This one won't necessarily be faster but probably give a more uniform distribution even though I didn't fully think trough it.

The basic idea is that I'm simply setting random bits until the result has the same number of bits set as the input. If you want to optimize, you could check whether ones >= Integer.SIZE / 2 and in this case, start with an integer with all bits set and successively zero them out. I doubt that this will be worth the thing, though. (Update: This optimization gives about 10 % better performance.)
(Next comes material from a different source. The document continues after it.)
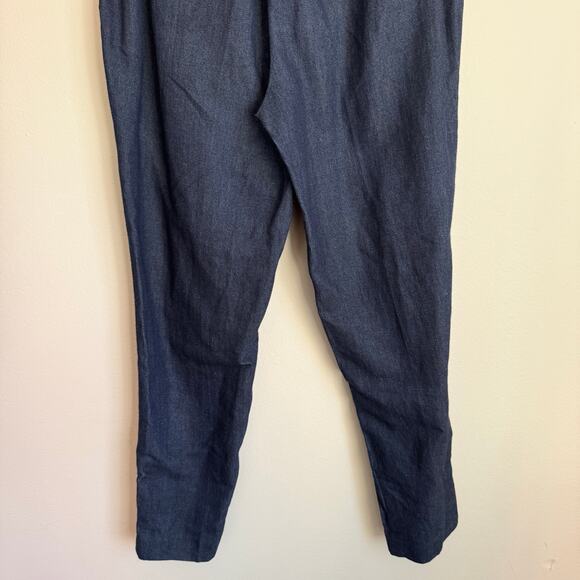 Loft Pants Size Medium Denim Paperbag Tie Elastic Waist Linen Lyocell Blend - Picture 4 of 11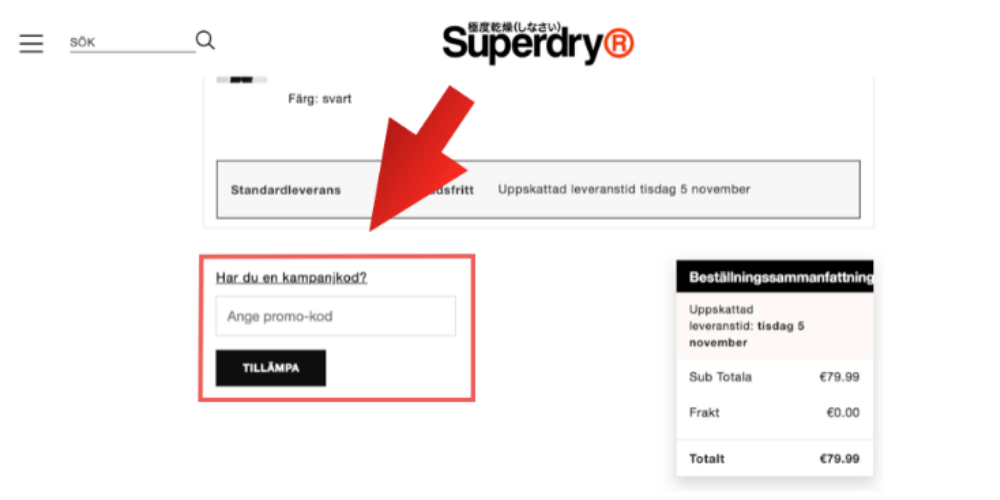 Hur man använder en rabattkod från Superdry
public final int shuffle(final int number) {
    final int ones = Integer.bitCount(number);
    int result = 0;
    while (Integer.bitCount(result) < ones) {
        final int position = this.rnd.nextInt(Integer.SIZE);
        result |= (1 << position);
    }
    return result;
}

I'm assuming a class member rnd of type java.util.Random. Creating a new random generator every time the function is called is a real performance killer so you don't want to do that.

Another, somewhat simpler, approach would be to simply generate uniformly distributed random integers until eventually one with the correct number of bits set is produced.

public int shuffle(final int number) {
    final int ones = Integer.bitCount(number);
    int result;
    do {
        result = this.random.nextInt();
    } while (Integer.bitCount(result) != ones);
    return result;
}

I have implemented a small benchmark for the code in your original post (with added swapBit function), the suggestion by @garriual and my above two versions. To be fair, I have applied the same micro-optimizations to all versions and moved creation of the Random object out of the functions.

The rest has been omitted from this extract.